KM radicalism was shunned in favor of Marcos-approved activism. The youth can join politics at the village level but only if it’s restricted to the activities of KB. This Marcosian ploy was intended to restore the support of the youth and diminish the growing grassroots strength of the KM. It was a bold and costly political experiment that distorted and corrupted the democratic demand of the KM for greater youth involvement or participation in politics. Nevertheless, it lasted for more than four decades. Marcos was ousted in 1986 but the KB was resurrected as Sangguniang Kabataan or SK. The name was changed but its purpose remained the same: Discourage the youth from advancing the politics of revolution by giving them a token role in the bureaucracy.
But over the years, the SK merely became an embarrassing appendage of patronage politics. In 2013, the SK was finally abolished so that bureaucrats can allegedly fix it. Curiously, nobody mourned the death of KB and the SK. KM was once again vindicated. And even more crucial, a dose of KM radicalism is urgently needed to energize the debates regarding SK. How can they fix the SK if the whole political enterprise is moribund? Fix the system and then we can talk of political innovation. And to fix the system, no less than a revolution is required. We are back to KM and the revolution it espoused in 1964.
However, the reformist outlook and practice that dominated the politics of KB and SK still lingers. This is evident in the pronouncements of young trapos, government-backed youth parties, and conservative civic groups. How they clamor for youth representation in all working committees of the state (as if it is the central aim of politics), how they masterfully mimic the idiotic and deceptive language of their elder trapos, how they exaggerate symbolic gestures as great acts of politics, how they pitifully cling to the perks and trappings of the bureaucracy, how they uncritically support the reactionaries in waging war against the progressives, how they peddle illusory hope when the situation demands the overhaul of the beastly machine.

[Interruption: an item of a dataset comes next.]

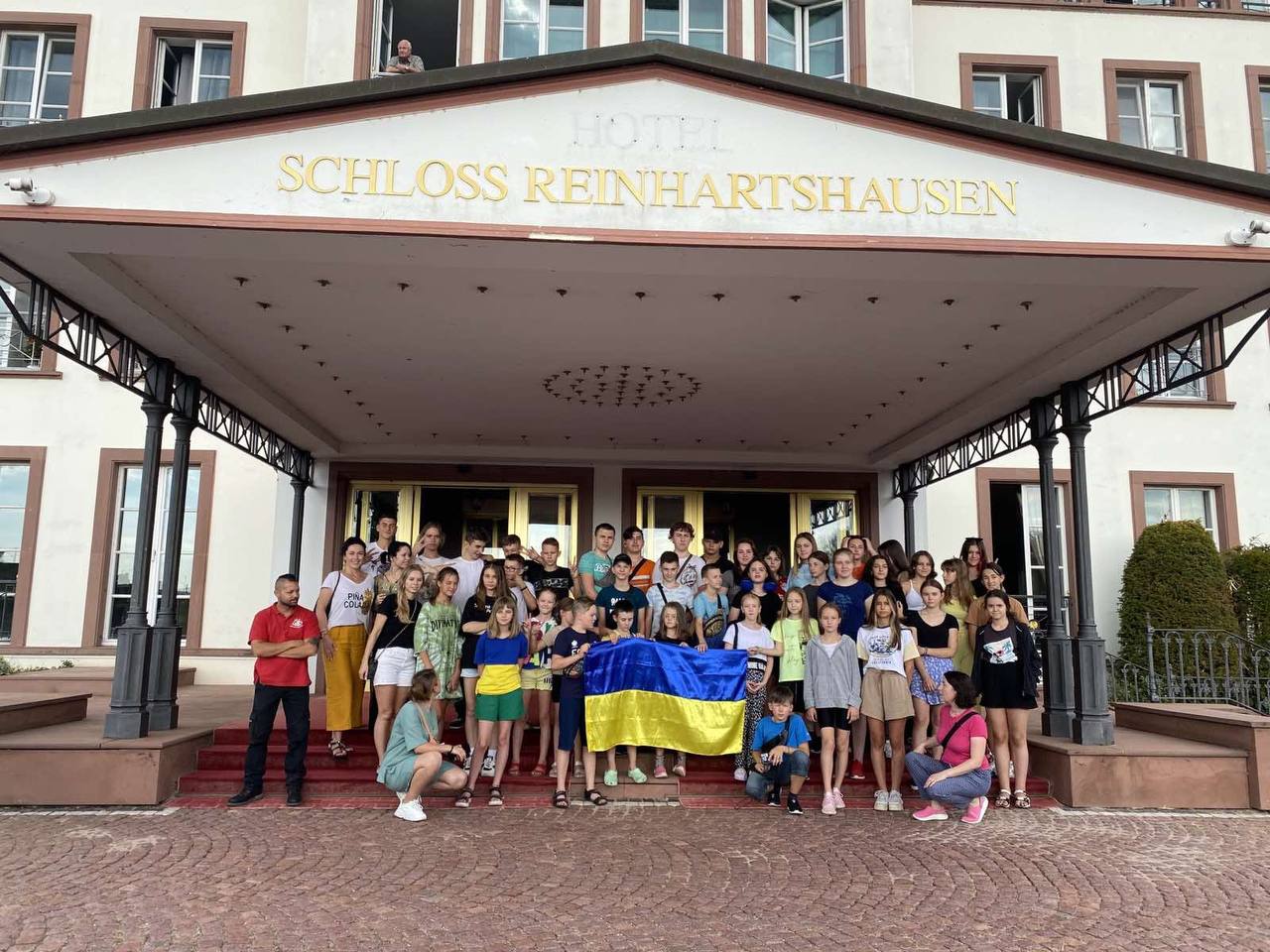 Более 80 детей из Киева отправились на отдых в Швецию и Францию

Fortunately, the KM still exists and continues to offer a bright and radical alternative. The red flag is still up which inspires many youth activists to persevere in the struggle. It is difficult to faithfully follow the political model introduced by KM but it is comforting to know that the ideal standard is workable as practiced by the revolutionary members of KM. For those carrying the flags of the mass movement in the urban, the politics of KM is both a lesson and guide on how to resist the corrosive legacy of excessive individualism, reformism, legalism, and even parliamentarism.
Not all youth groups can openly advocate armed struggle in the country but they can benefit from the continuing revolutionary legacy of KM. They can anchor their political aims on some of the programs proposed by KM.
No other youth group has done what KM achieved in the past half century. KM thrived as a legal mass organization for only eight years, and subsequently as an underground group in the past four decades. It survived the dictatorship and the attacks of succeeding regimes. It remained relevant because its cause is the national democratic struggle. What can be more correct than spreading the message of the revolution as the ultimate solution?